Les Deux mélodies Op.25 sont composées de Après un rêve (texte de Romain Bussine) et de Chanson roumaine (de l'écrivain et diplomate Hélène Vacaresco, dont les poésies de jeunesse inspirèrent Reynaldo Hahn). Les mensonges et la mort rôdent au détour d'une rime, mais cela reste convenu, distant, sans cette ambiance digne d'une chambre d'hôpital, à laquelle nous prépare la jaquette... La seconde mélodie réussit un alliage curieux entre le romantisme volontiers macabre de Duparc et la tendance élégiaque de Fauré.
Les Deux mélodies Op.45 présentent Les cadrans (Franz Hellens) et Que dans les cieux (Jules Delacre). Écrivain flamand d'expression française, Hellens est né en 1881 et mort en 1972. Son poème sur ces horloges qui règnent seules vivantes sur une ville fantôme est typique de son passage progressif du symbolisme fin de siècle à l'école fantastique belge. La guerre de 14-18 a laissé des traces : le compositeur et le poète reviennent sur l'exil qui fut le leur, d'un pays natal occupé. L'Épiphanie des exilés, Le Carnaval des tranchées, Les langues de feu composent le début des Cinq mélodies Op.57. Ces poèmes de guerre, en rupture avec le discours de propagande officielle, présentent les événements sans fard : les masques sont blancs, les yeux las, les cœurs sombres, les murs moisis. Les orchestrations de 1922 font passer le compositeur du salon aux portes de l'expressionnisme. « Il neige un carnaval de boues... » Le ton en reste très digne, sans pathos, ce qui les rend particulièrement bouleversants, avec une psalmodie proche de celles de Poulenc sur la quatrième strophe de l'Épiphanie, et des traits fort inspirés de Pelléas et Mélisande dans Le Carnaval des tranchées. Sur la grève (Henri de Régnier) et Release (Georges Jean-Aubry) complètent le cycle avec des textes emplis de lumière, dans un climat d'apaisement et de délivrance.
Écrit entre 1935 et 1938, le Triptyque pour orchestre Op.103 demeure une réussite qui a eu du mal à s'imposer, en raison de l'isolement de Jongen dans la vie musicale d'après-guerre. L'œuvre passe de la douceur à la tension du second tableau pour retrouver « le calme, mais sans lenteur ». Elle semble réconcilier Debussy et Ravel.
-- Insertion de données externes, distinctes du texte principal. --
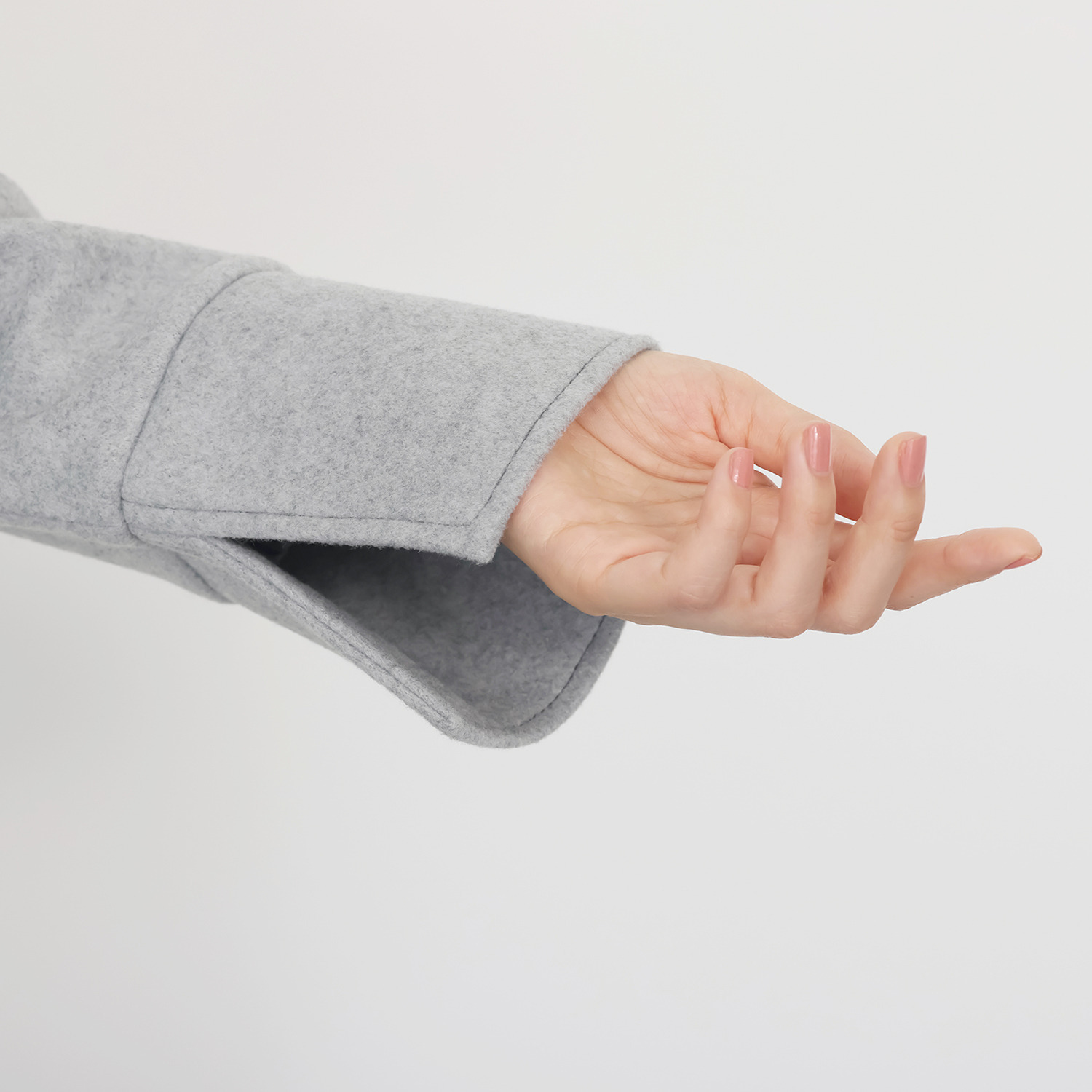 Ｋｕｎｎｙ． ステンカラー ショートコート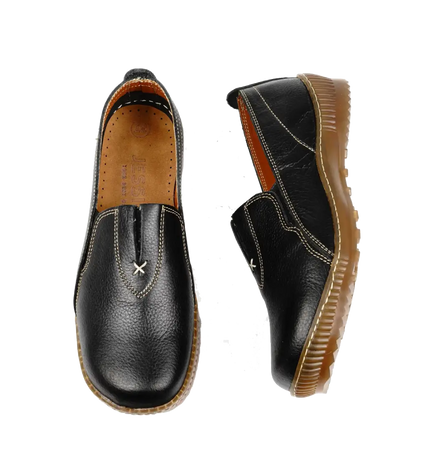 كود 1012 حذاء من الجلد الطبيعي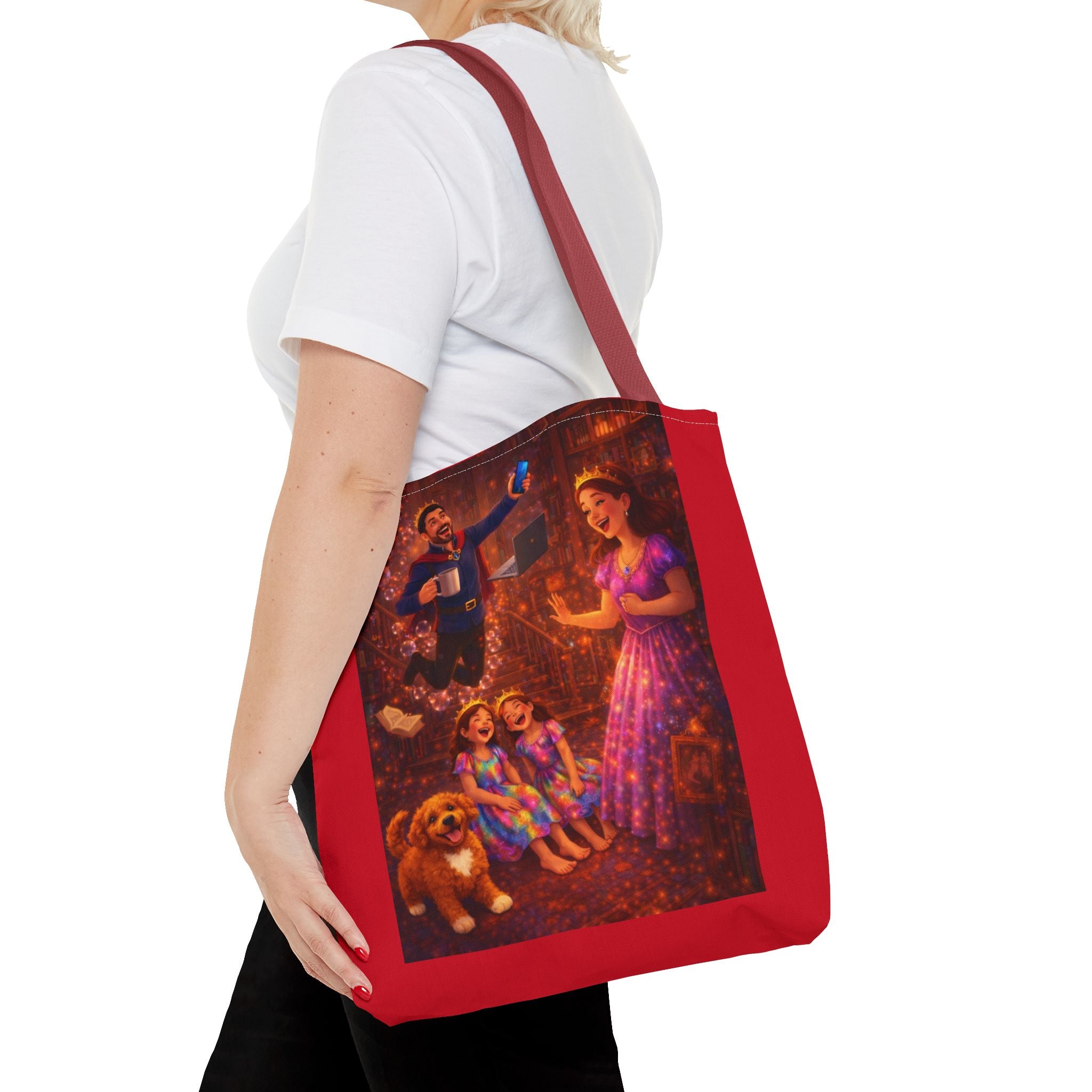 Storybook Keepsake Tote Bags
Le chef et compositeur Pierre Bartholomée dirige l'Orchestre Philharmonique de Monte-Carlo, offrant des nuances d'une belle subtilité à cette musique sensible. Ils accompagnent le soprano luxembourgeois Mariette Kemmer, donnant ces mélodies d'un timbre clair, joliment articulé, dans un style cependant un peu vieillot – qu'on pourra d'ailleurs trouver à propos, pourquoi pas ? De sa découverte de Jongen, elle confie : « Ce sont finalement ces élans émotionnels qui m'ont conquis dans cette musique qui, techniquement, n'est pas particulièrement difficile, mais requiert un engagement total de l'interprète ».
Voici donc un enregistrement sincère et loyal, dont on regrettera pourtant une prise de son un peu gonflée de la voix, qui en paraît comme trop proche, invitant à découvrir un compositeur qui avait toute l'estime de Maurice Ravel, par exemple. Signalons d'ailleurs un concert à Saint-Jacques sur Coudenberg (Bruxelles) le vendredi 24 octobre, qui fera entendre des œuvres pour orgue, pour chœur et orgue, ainsi que l'Humoresque Op.92 pour violoncelle et orgue, de Joseph Jongen.